═════ DATASET EXCERPT
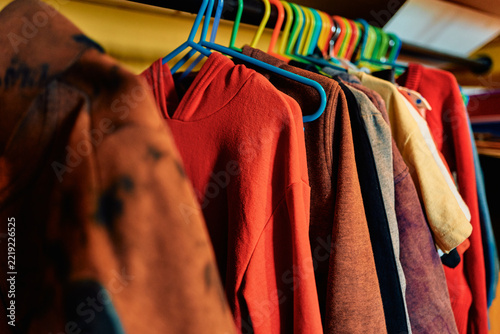Clothes Hanging on Colorful Plastic Hangers on a Rack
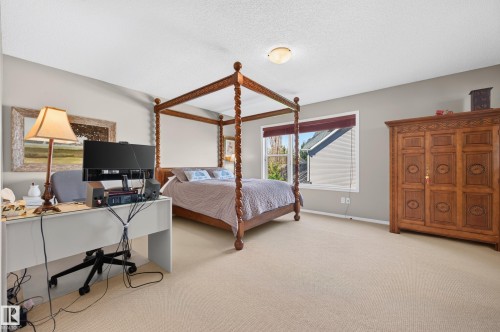 Spacious room featuring neutral carpeting and light gray walls - 1310 82 Street, Edmonton, AB 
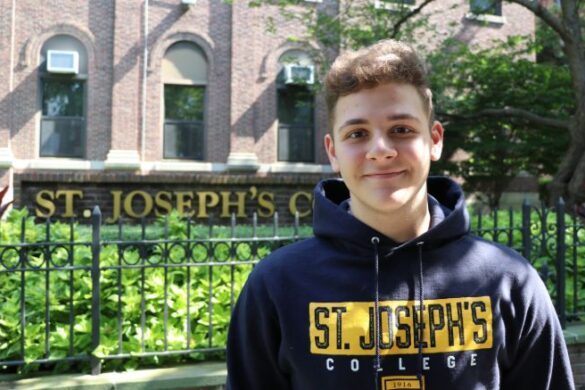 Student in front of St. Joseph's sign.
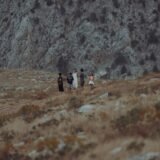 Grup de tineri cu rucsacuri care urcă pe o potecă marcată de munte, într-o zi senină de toamnă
══════════
Where the line containing "Student in front of St. Joseph's sign." appears, begin writing out the lines word for word, and continue through the last line of the data, leaving out pictures.

 Student in front of St. Joseph's sign.
 Grup de tineri cu rucsacuri care urcă pe o potecă marcată de munte, într-o zi senină de toamnă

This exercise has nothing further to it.